Free will
Free will is the notion that human beings are able to choose between different courses of action in any given circumstance, whereas its opposite, '''determinism''', claims that all our mental states and actions are made necessary by preceding causes, and we are therefore not free at all, although we may have the illusion thereof.
All of us have subjectively experienced being torn between doing one thing or another –what we would like to do, what we think we should do, or what we think others would appreciate our doing, and so on. We also assume that the decision is up to us, that we are free to do one thing or another, and others heap blame or praise on us assuming the same thing. This is what is meant by free will –the belief that whatever we may have done in actual fact, could have been otherwise had we decided on another course of action, and that before the action itself we were free to choose between at least two alternatives.
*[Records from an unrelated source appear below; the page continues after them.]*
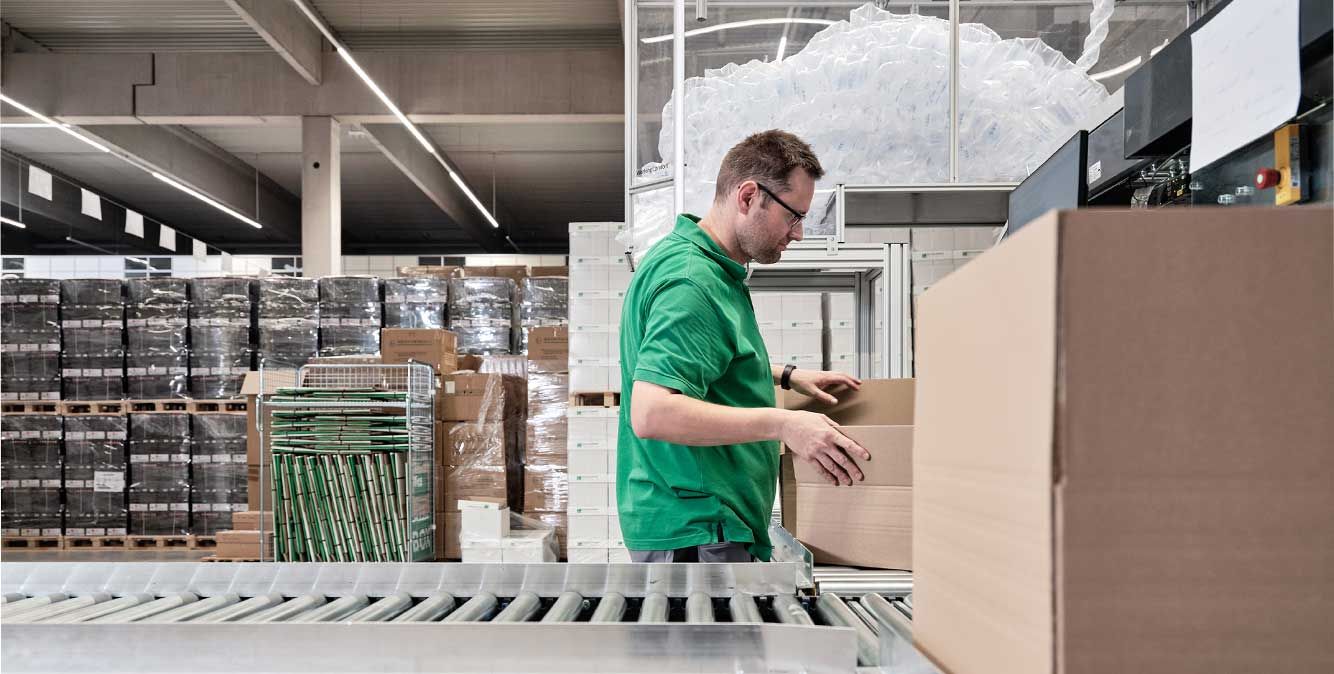 Mitarbeiter von Streit Service & Solution packt im Logistikzentrum ein Packet mit Luftposterfolie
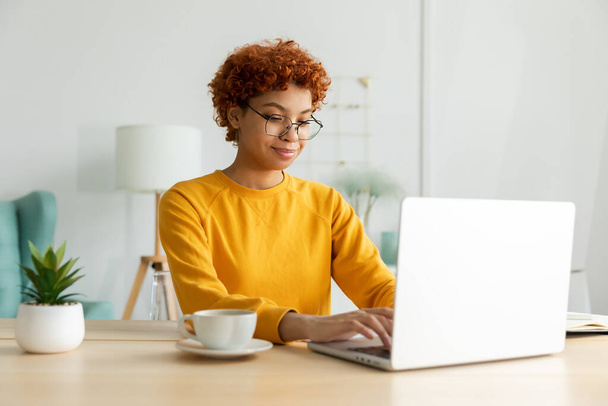 African american girl using laptop at home office looking at screen typing chatting reading writing email. Young woman having virtual meeting online chat video call conference. Work learning from home - Foto, imagen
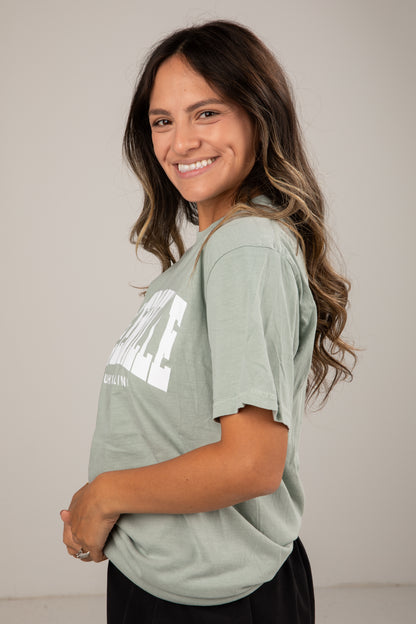 Woman wearing a light green t-shirt with text, standing against a plain background
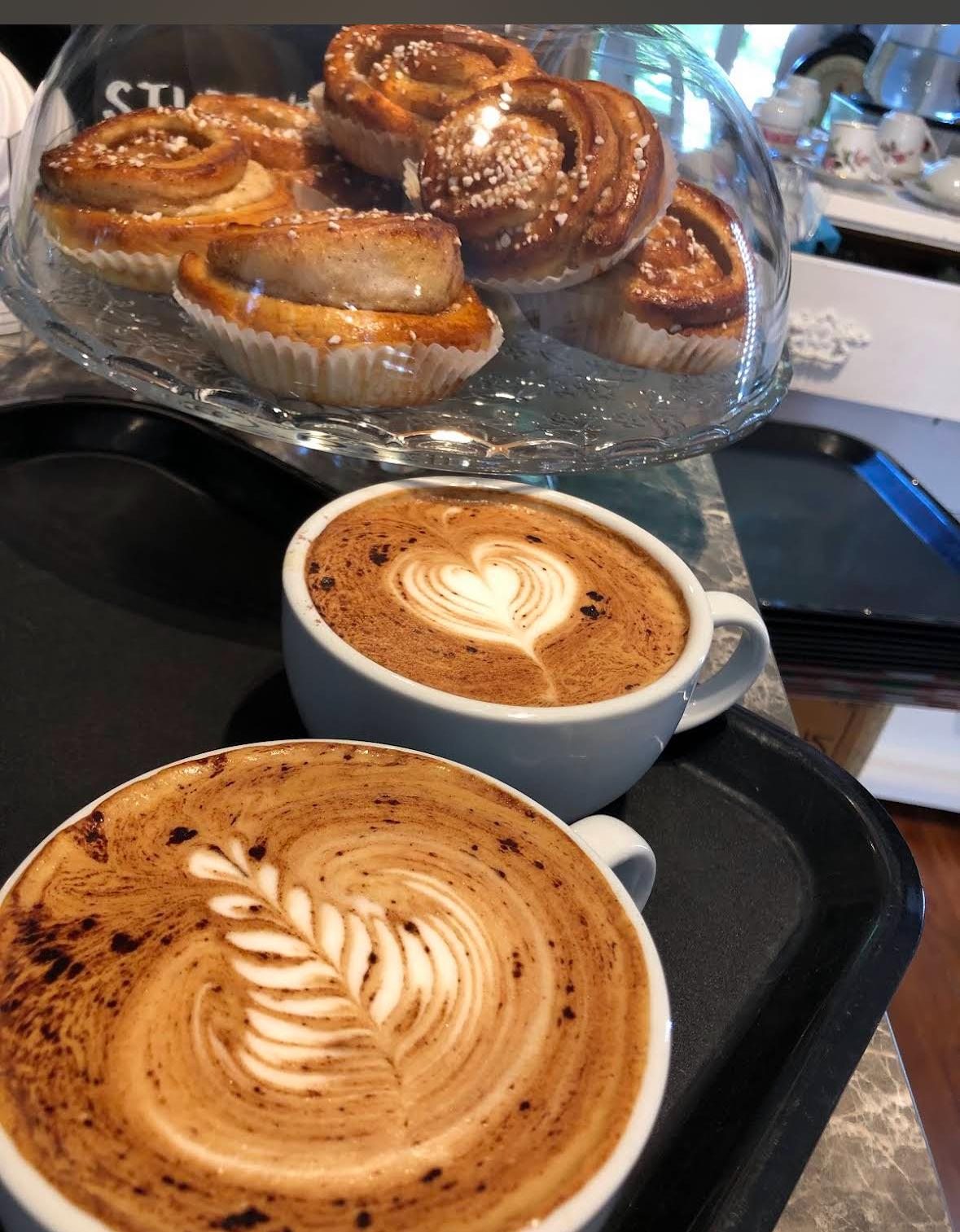 Två koppar kaffe med bakverk bakom glas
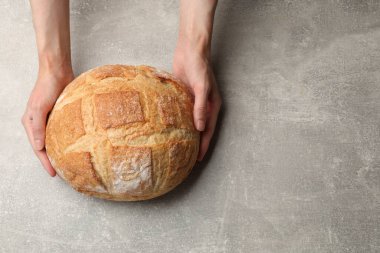 Gri masada bir somun taze ekmeği olan kadın, üst manzara. Metin için boşluk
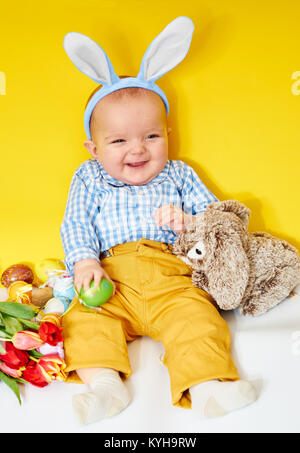 Happy baby boy with bunny ears Stock Photo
At the same time, we realise that the world works in ways we can understand because there are law-like processes that we can decipher, and that allow us to explain what happens around us. The principle operating here is that events are caused, not random, a principle that is known as determinism.
If the world is deterministic, that is it responds to patterns of cause and effect, then human actions are either an exception to this rule, or our feeling that we are free to decide what we like is simply an illusion.
We have trouble believing all our actions are determined, and that our sense of freedom is totally illusory, but we also have problems thinking that our actions are totally outside the realm of causality. The latter position would make our actions random, and this is not a palatable idea for most of us...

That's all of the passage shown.